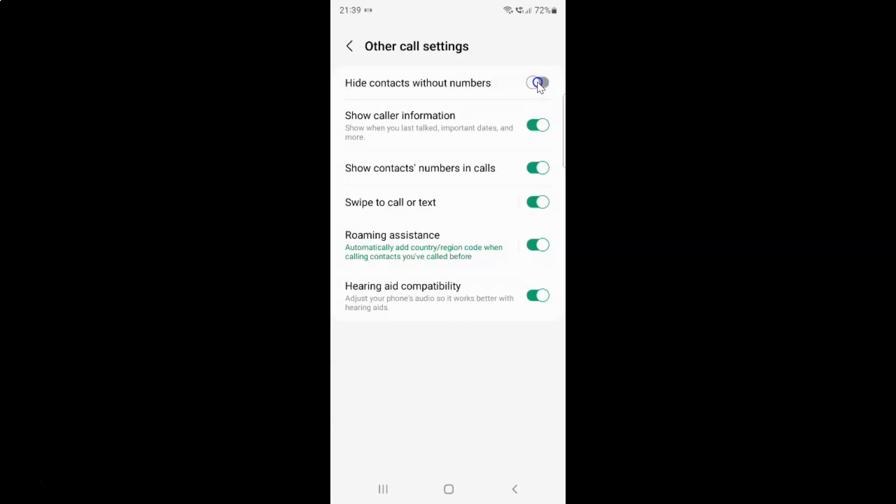Let me show you. Let me tap on it. You can see it's now enabled.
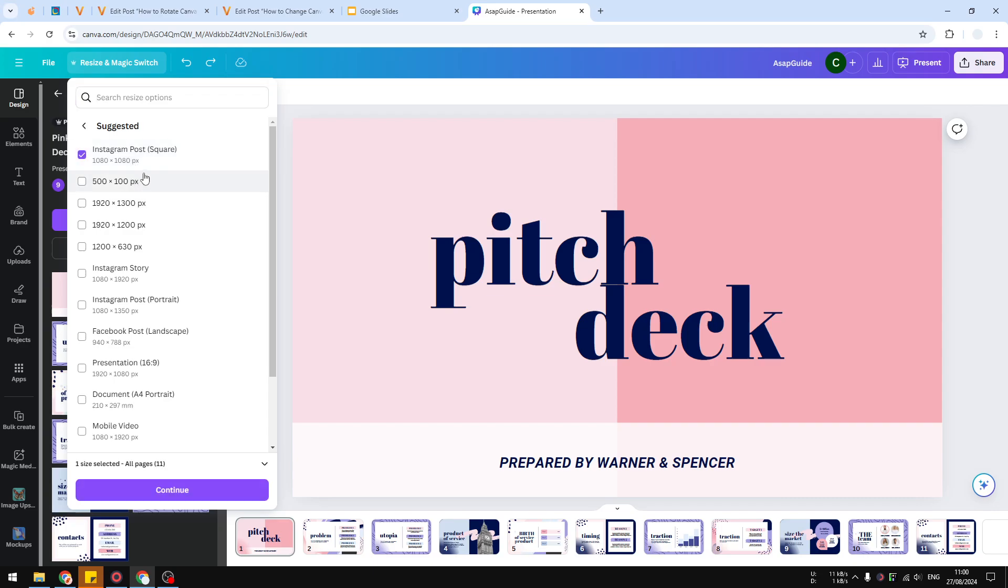For this tutorial, I'm going to select Instagram Post, which is 1080 by 1080 or 1 to 1 aspect ratio. Essentially it is square. Let's click Continue.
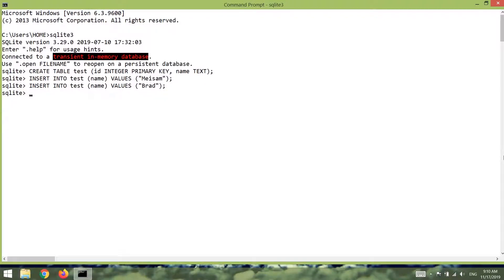In that case we can use transactions — we say execute the two operations at the same time or don't execute them at all. Here is how we can use transactions: first we need to open a new session by typing BEGIN. After that we can pass our operations one by one.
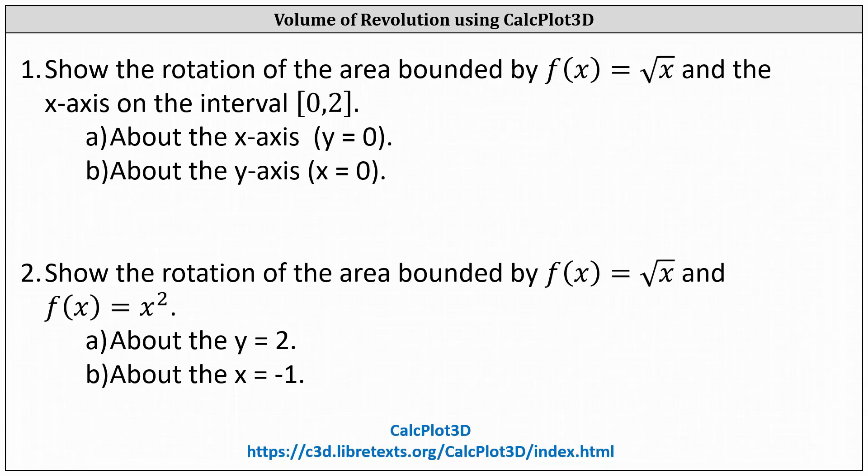This lesson will show how to use CalcPlot3D to illustrate volume of revolution or surface of revolution. For number one, show the rotation of the area bounded by f of x equals the square root of x and the x-axis on the closed interval from 0 to 2 about the x-axis and the y-axis.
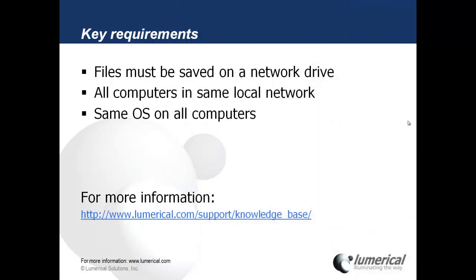Key requirements for running simulations in this way include the simulation file must be saved on a network drive. All the computers must be on the same local network. All the computers should be running the same operating system.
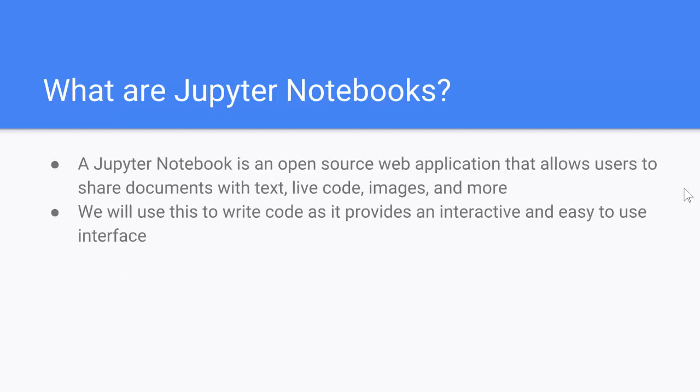As for Jupyter Notebooks, what are they? Well, the Jupyter Notebook is an open source web application that allows users to share documents with text, live code, images and more. We're going to be using Jupyter Notebooks to write code in Python as it provides an interactive and a very easy to use interface. And it's very easy to share and open files.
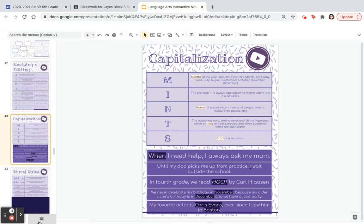Go ahead and look over your essay now and do some ARMS, CUPS, and MINTS.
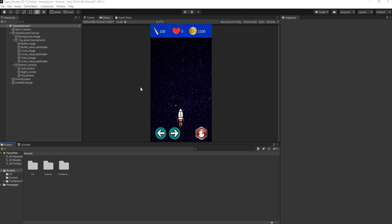Hey guys, welcome back to another Unity tutorial. In this series we are currently making a 2D space shooter — it's a mobile platform game that can be played on both Android and iOS. In the previous video we set up our UI, and in this video we'll be taking care of the player character movement: moving the character left and right.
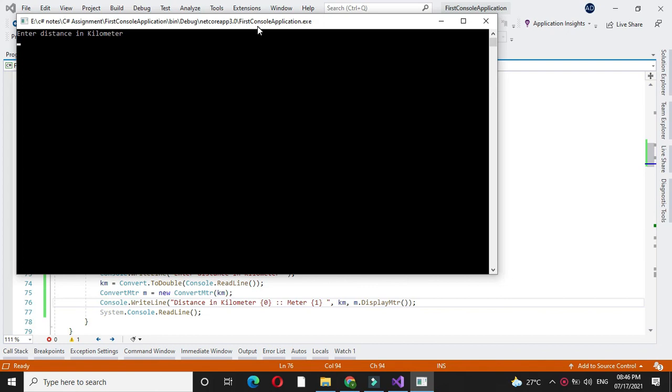We will enter distance in kilometer as 3.4. It will display the distance in meters as 3400.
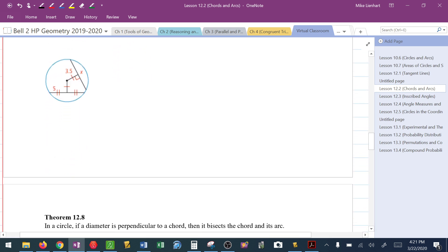Looking at the next one: this segment is 3.5 and it's congruent to the other segment, so that's also 3.5. They are equidistant from the center. If they're equidistant from the center, then the chords have to be congruent. If the left side of the chord is 5 and the right side is 5, I can conclude the other chord must be 10.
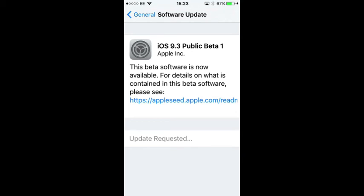Now this will take a few minutes to download as it's quite a big update. Once that's finished downloading you can then install it. It will restart again and after that you are then on iOS 9.3 public beta 1.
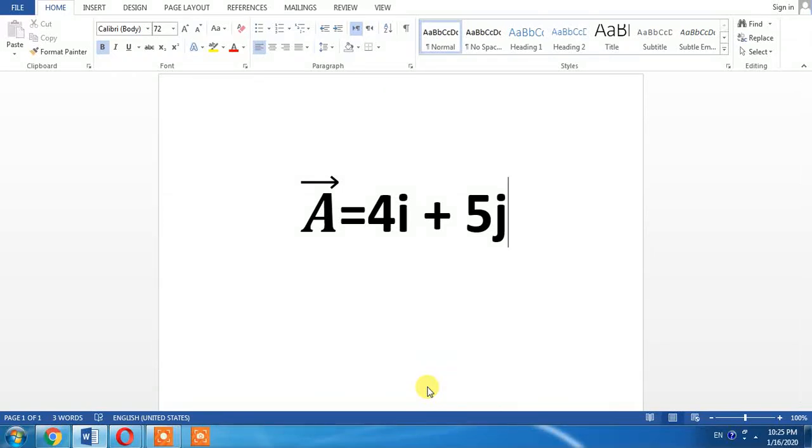Hello friends, in this video you are going to learn how to put a hat on any letter. Let's see how you can do it.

__Exercise prompt__
Pictures stay out; repeat all the rest of the records exactly.

__Finished task__
Let me show you. Let me tap on it. You can see it's now enabled.
For this tutorial, I'm going to select Instagram Post, which is 1080 by 1080 or 1 to 1 aspect ratio. Essentially it is square. Let's click Continue.
In that case we can use transactions — we say execute the two operations at the same time or don't execute them at all. Here is how we can use transactions: first we need to open a new session by typing BEGIN. After that we can pass our operations one by one.
This lesson will show how to use CalcPlot3D to illustrate volume of revolution or surface of revolution. For number one, show the rotation of the area bounded by f of x equals the square root of x and the x-axis on the closed interval from 0 to 2 about the x-axis and the y-axis.
Key requirements for running simulations in this way include the simulation file must be saved on a network drive. All the computers must be on the same local network. All the computers should be running the same operating system.
As for Jupyter Notebooks, what are they? Well, the Jupyter Notebook is an open source web application that allows users to share documents with text, live code, images and more. We're going to be using Jupyter Notebooks to write code in Python as it provides an interactive and a very easy to use interface. And it's very easy to share and open files.
Go ahead and look over your essay now and do some ARMS, CUPS, and MINTS.
Hey guys, welcome back to another Unity tutorial. In this series we are currently making a 2D space shooter — it's a mobile platform game that can be played on both Android and iOS. In the previous video we set up our UI, and in this video we'll be taking care of the player character movement: moving the character left and right.
We will enter distance in kilometer as 3.4. It will display the distance in meters as 3400.
Looking at the next one: this segment is 3.5 and it's congruent to the other segment, so that's also 3.5. They are equidistant from the center. If they're equidistant from the center, then the chords have to be congruent. If the left side of the chord is 5 and the right side is 5, I can conclude the other chord must be 10.
Now this will take a few minutes to download as it's quite a big update. Once that's finished downloading you can then install it. It will restart again and after that you are then on iOS 9.3 public beta 1.
Hello friends, in this video you are going to learn how to put a hat on any letter. Let's see how you can do it.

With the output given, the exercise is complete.